1. Squooshing burgers on the grill. Gentlemen, for the love of God please stop this!! Why would anyone want to squeeeeze the juice out of their burgers?! This is insane! Just put the burger on the grill and leave it! It will speak to you when it’s ready – “flip me, flip me”. But until then, leave the flipping thing alone.
2. Not salting the pasta water. I ignored this one for years, and then I discovered that all those Food TV folks always saying “salt your water, it’s the only chance you get to season your pasta” were right after all. Now I religiously salt – kosher salt only, and a whole handful of it. You want that water salty!
3. Mixing bacon into things. Alright, this one is not absolute – I’m talking specifically about recipes like mashed potatoes and deviled eggs where the bacon ends up soft and chewy. This is not yummy. It is light-years better to sprinkle the bacon on top so it stays crispy – or, like in my deviled eggs, just stick a chunk of bacon right on top. Be bold with bacon! Just don’t mix it in 🙂
4. Don’t cook with table salt – this is a duplication of my Cooking “Do” #3 Kosher Salt. Because it’s that important.
5. Don’t cook with grated Kraft sawdust – this is a duplication of my Cooking “Do” #2 Real Parmigiano-Reggiano Cheese. Because this is also that important.
6. Don’t cook the crap out of your meat! So many people tell me they overcook chicken and pork because they’re afraid of the germs. Chicken – yes, I get that. So use a meat thermometer. But nowadays, pork is much safer. Trust me, I’m a microbiologist. Also, I’m all about brining my pork and poultry. This makes the meat much juicier and I find it helps make it a little more forgiving against overcooking.

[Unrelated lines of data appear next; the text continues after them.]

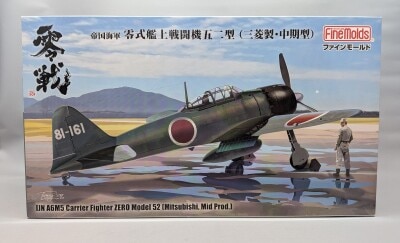 파인몰즈 1/48 일본 제국 해군 A6M 제로 Type 52 함재전투기 (미쓰비시, 중기형)
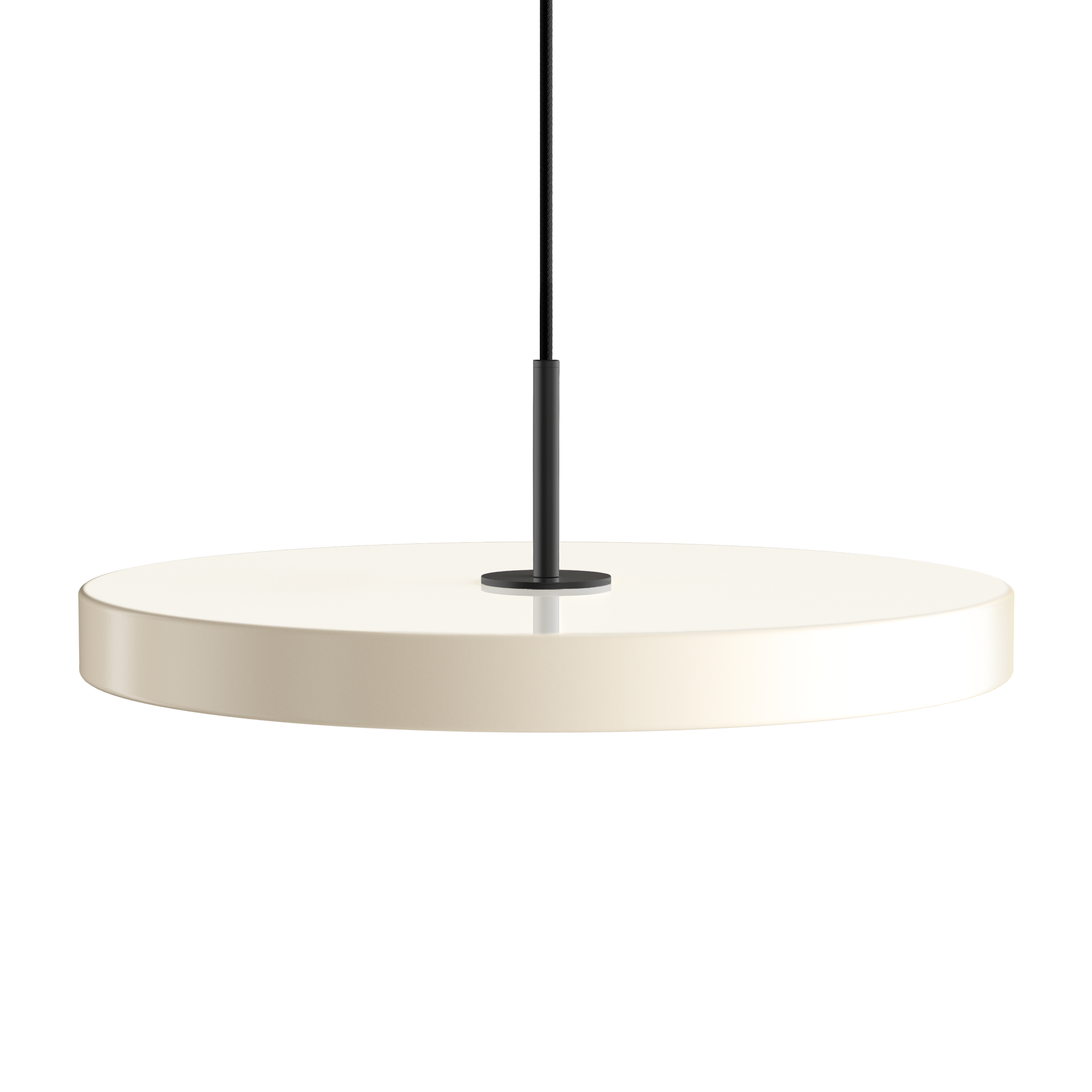UMAGE Asteria LED Pendant in Pearl White with Black Connector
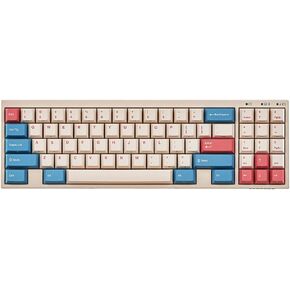Leopold FC730MBT V2 Coral/Blue Bluetooth Mechanical Keyboard, MX2A (Cherry MX2A Speed Silver)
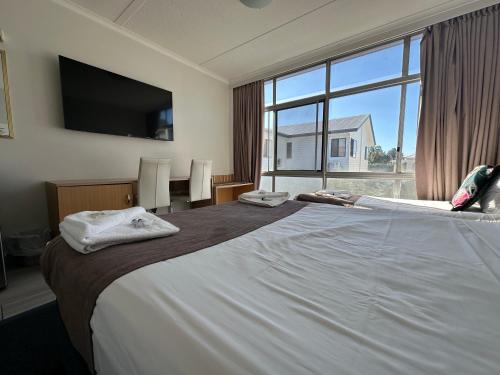 Airway Motelにあるベッド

7. Don’t cut into your meat to see if it’s done. One trick I learned is to poke at meat to check for doneness rather than cut it open (when all the juices will drain right out if it hasn’t rested). Touch the tip of your thumb to the tip of your index finger. Then with your other hand, poke the padding of your palm. That’s what rare feels like. Now touch your thumb to the tip of your middle finger. Poke your palm padding again. That’s medium. Thumb and ring finger – that’s well done. Otherwise, use a meat thermometer.
8. Don’t rinse mushrooms. They are little sponges, and they will soak that water up and turn slimy. Just use a damp towel and quickly brush them clean.
9. If you are sautéing veggies and want them to brown, do not add salt. If you are sautéing veggies and want them to soften, add salt.
10. Don’t be afraid to DREAM BIG! Just do it! Volunteer to cook the holiday dinner. Make a recipe you’ve never made before and bring it to a pot-luck. Use your friends as guinea pigs. Try a recipe with lots of steps or lots of ingredients. You will be AMAZED at what you can do!